In one embodiment of the invention, the separation of catalyst
particles from the slurry is effected in a fluid coking zone.
In the process of the present invention, the alkali
metal-containing catalyst is continuously regenerated and freed of
carbonaceous deposits which occur.
BRIEF DESCRIPTION OF THE DRAWING
FIG. 1 is a schematic flow plan of one embodiment of the
invention.
FIG. 2 is a schematic flow plan of another embodiment of the
invention.
DESCRIPTION OF THE PREFERRED EMBODIMENTS
Referring to FIG. 1, a sulfur-containing heavy hydrocarbon feed
such as, for example, a petroleum residuum containing about 4
weight percent sulfur contaminants and 110 weight ppm metal
contaminants is mixed, in liquid phase, with an alkali
metal-containing carbonaceous catalyst and is introduced via line
10 into an ebullient bed reactor 1. Although the ebullient bed
reactor is preferred, other suspension flow systems in which a
liquid-solids slurry can be contacted with a gas are also suitable.
Although petroleum residuum will be used in the following
description for simplicity of description, suitable sulfur
contaminated hydrocarbon feeds include feeds having from about 2
weight percent to about 8 weight percent sulfur, such as
hydrocarbon feeds containing at least 10 weight percent
hydrocarbons boiling above 600.degree.F. at atmospheric pressure,
preferably hydrocarbon feeds containing at least 10 weight percent
hydrocarbons having a boiling point greater than 900.degree.F. at
atmospheric pressure. The total metal content (vanadium, nickel,
iron, etc.) of such feeds may range up to 2000 weight ppm and
higher. Generally, these feeds will have a Conradson carbon content
of about 3 to about 50 weight percent, preferably above 5 weight
percent. By way of example, suitable hydrocarbon feeds include
whole petroleum crudes; petroleum atmospheric residua; petroleum
vacuum residua; heavy hydrocarbon oils and other heavy hydrocarbon
residua; deasphalted residua; asphaltene fractions from
deasphalting operations; bottoms of catalytic cracking process
fractionator; cokerproduced oils; cycle oils, such as,
catalytically cracked cycle oils; pitch, asphalt, and bitumen from
coal, tar sands or shales which may include ash or particulates;
naturally occurring tars as well as tars resulting from petroleum
refining processes; shale oil; tar sand oils which may include sand
or clay; hydrocarbon feedstreams containing heavy viscous
materials, including petroleum wax fractions, etc.

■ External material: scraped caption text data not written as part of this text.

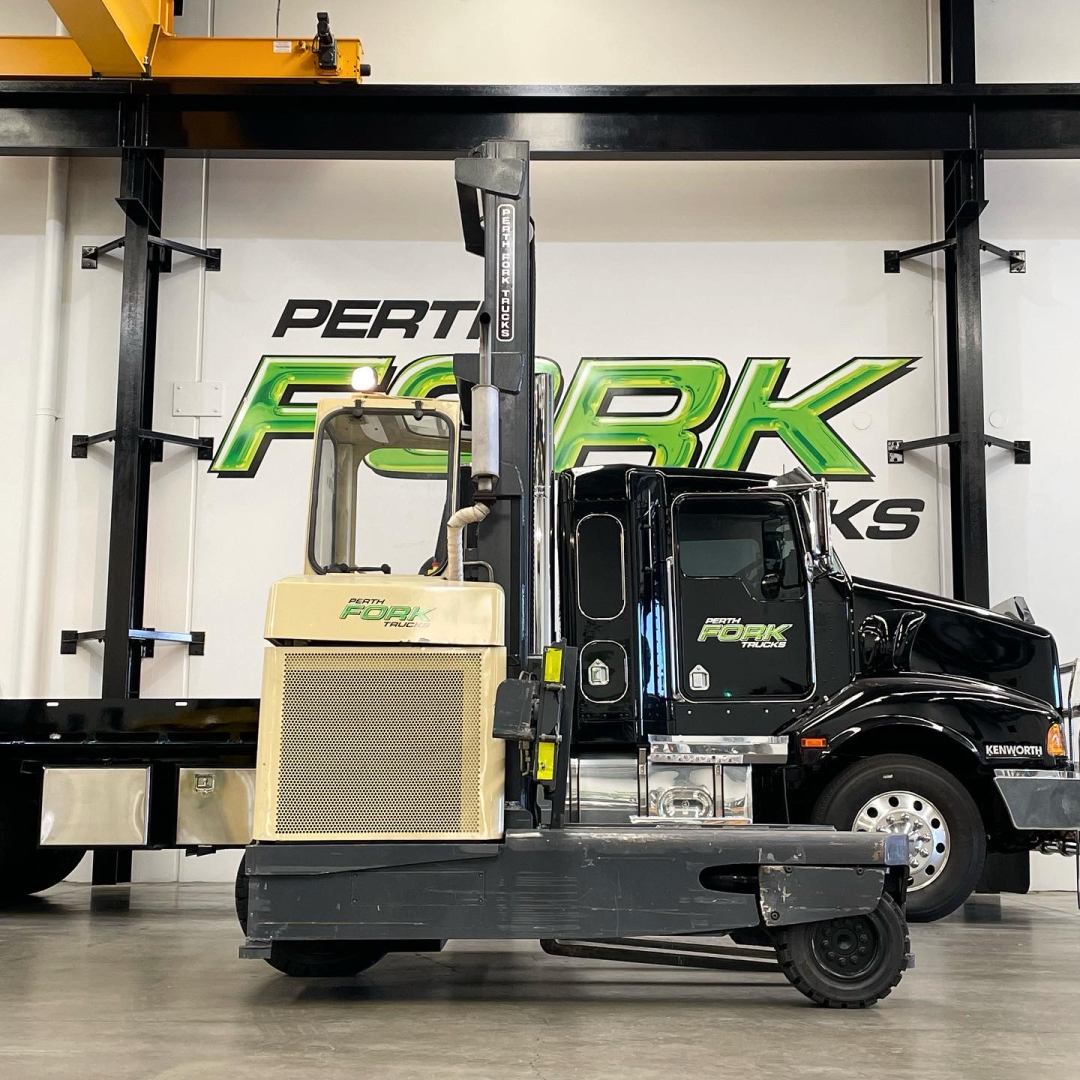 Hubtex 4T All-Directional Forklift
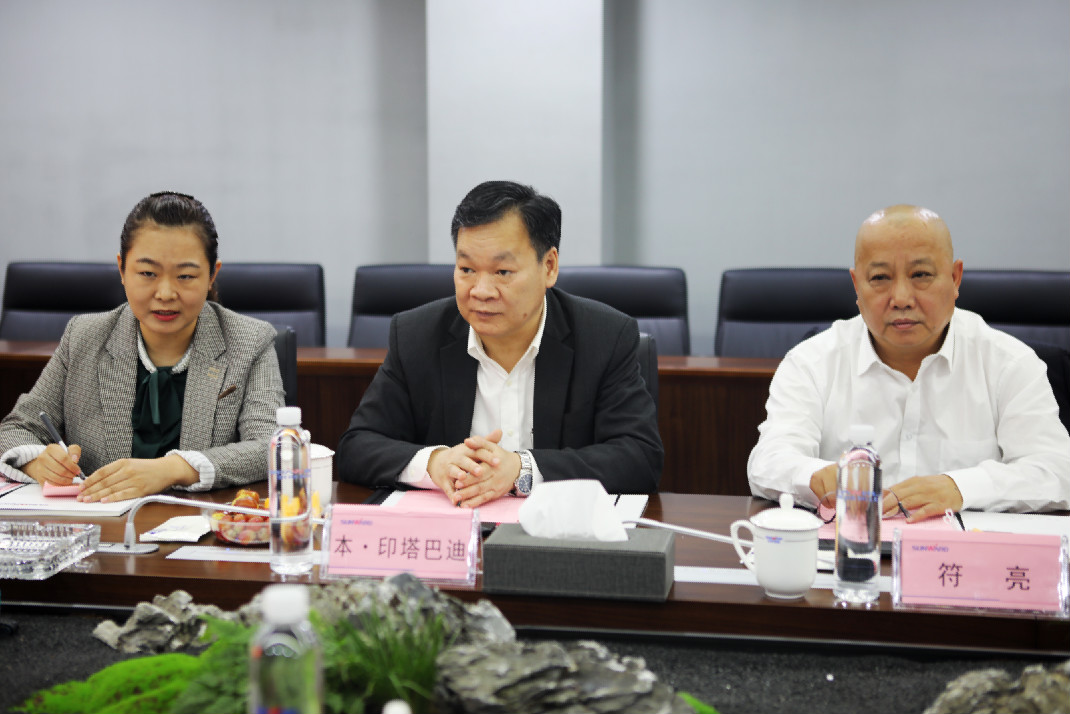 老挝长沙总领事本·印塔巴迪调查Z6官网智能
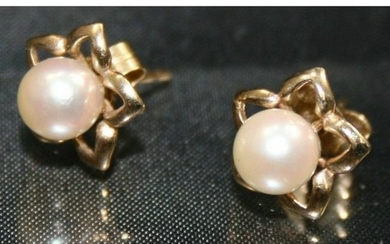 Pearl 9ct Gold Flower Ear Studs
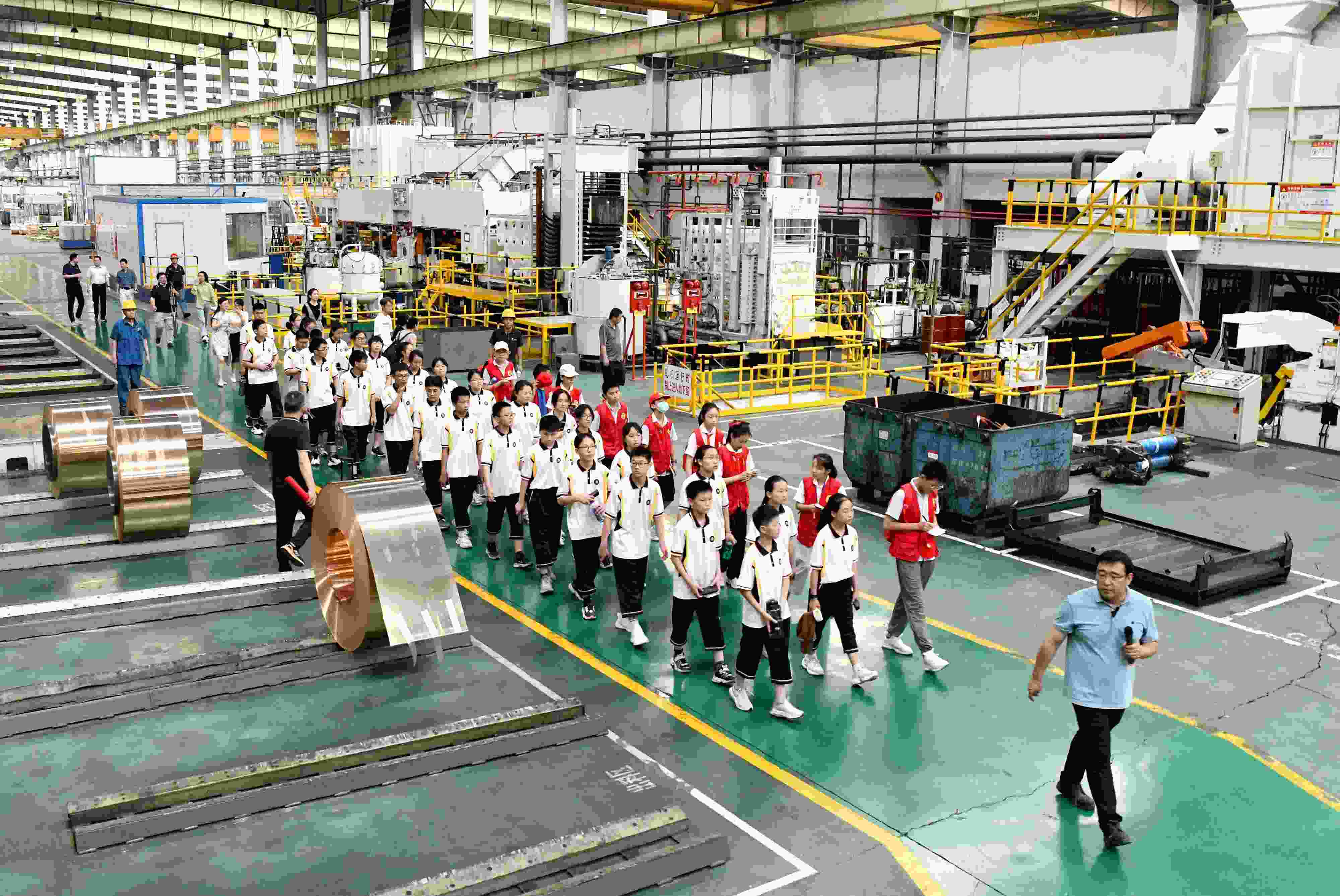 2023年6月9日，在安徽省銅陵一家公司的銅板帶制造車間，銅陵市第七中學(xué)學(xué)生在上“行走的思政課”。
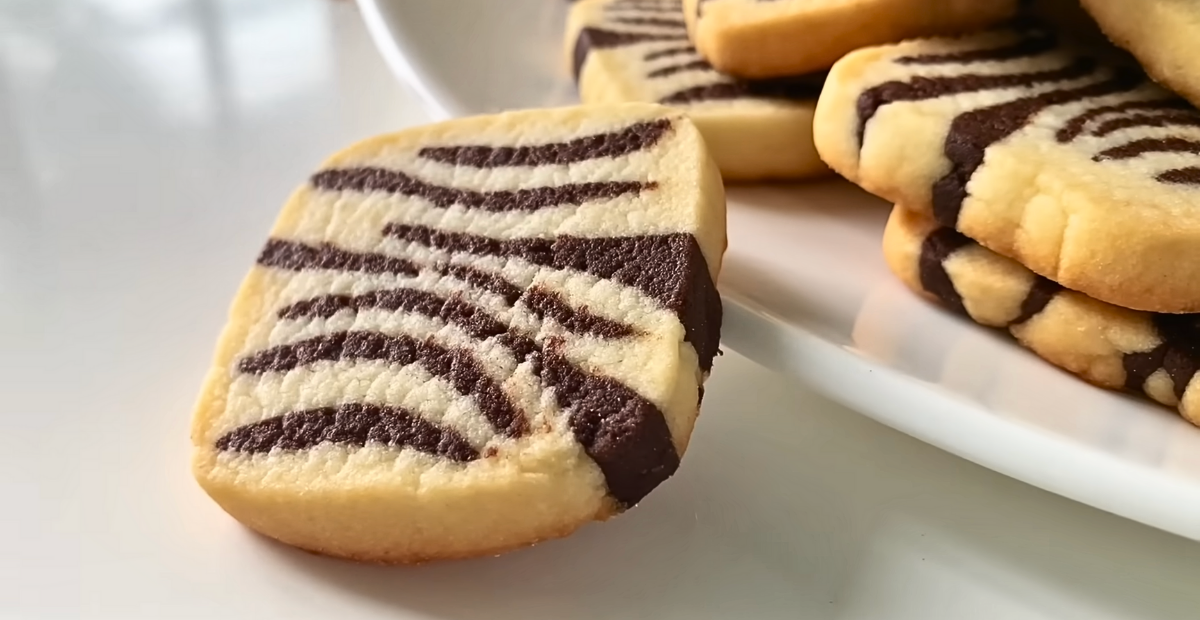 Patterned egg-free marble butter cookies with chocolate and vanilla swirls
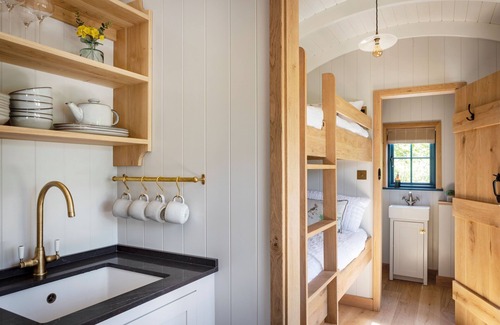 Baslow Cottage | Mr McGregor’s Garden Shepherd's Hut/Chatsworth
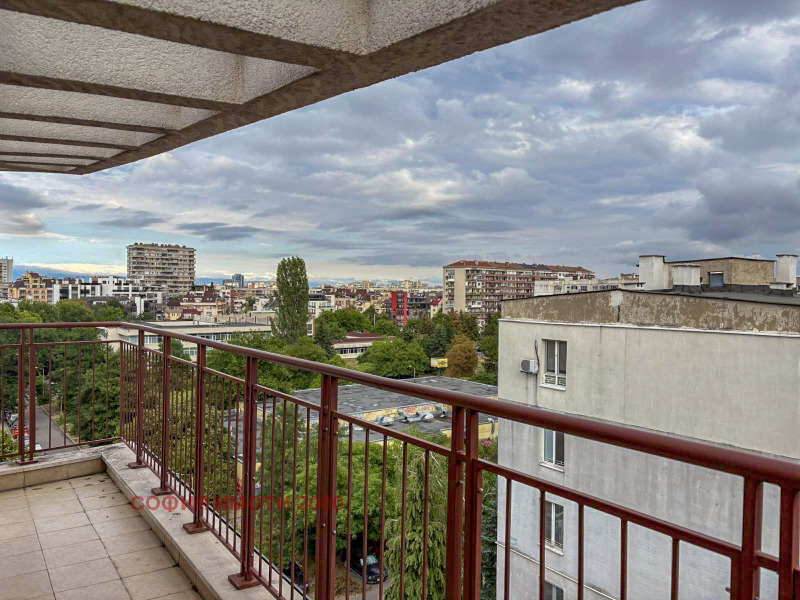Till salu  2 sovrum Sofia , Krasno selo , 86 kvm | 57616025 - bild [9]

The catalyst utilized in reactor 1 is a normally solid
carbon-containing material comprising at least 2 weight percent
alkali metal (calculated as the metal based on the carbonaceous
material) preferably, from about 5 to about 20 weight percent
alkali metal.
The term "normally solid carbon-containing material" is intended
herein to designate a solid (at standard conditions) composition
containing less than 1.5 hydrogen atoms per 1 carbon atom. Suitable
carbon-containing materials for use at the start of the process
include various grades of coal, coal coke, petroleum coke,
activated carbon, lignite, peat, graphite, and charcoal.
Preferably, the solid carbon-containing material is petroleum
coke.
The alkali metal carbon-containing catalyst may be prepared in
several ways. It may be prepared by coking a hydrocarbon feed in
the presence of an alkali metal compound or by impregnating a solid
carbon-containing material with an alkali metal compound or by
mixing a solid carbon-containing material with an alkali metal
compound or in situ in the process or in any other suitable
manner.
Suitable alkali metal compounds for use in preparing the alkali
metal-carbon containing catalyst include the carbonates, acetates,
formates, sulfides, hydrosulfides, sulfites, sulfates, vanadates,
oxides, and hydroxides of lithium, sodium, potassium, rubidium and
cesium. Preferred alkali metal components are potassium, rubidium
and cesium components, more preferably a potassium component.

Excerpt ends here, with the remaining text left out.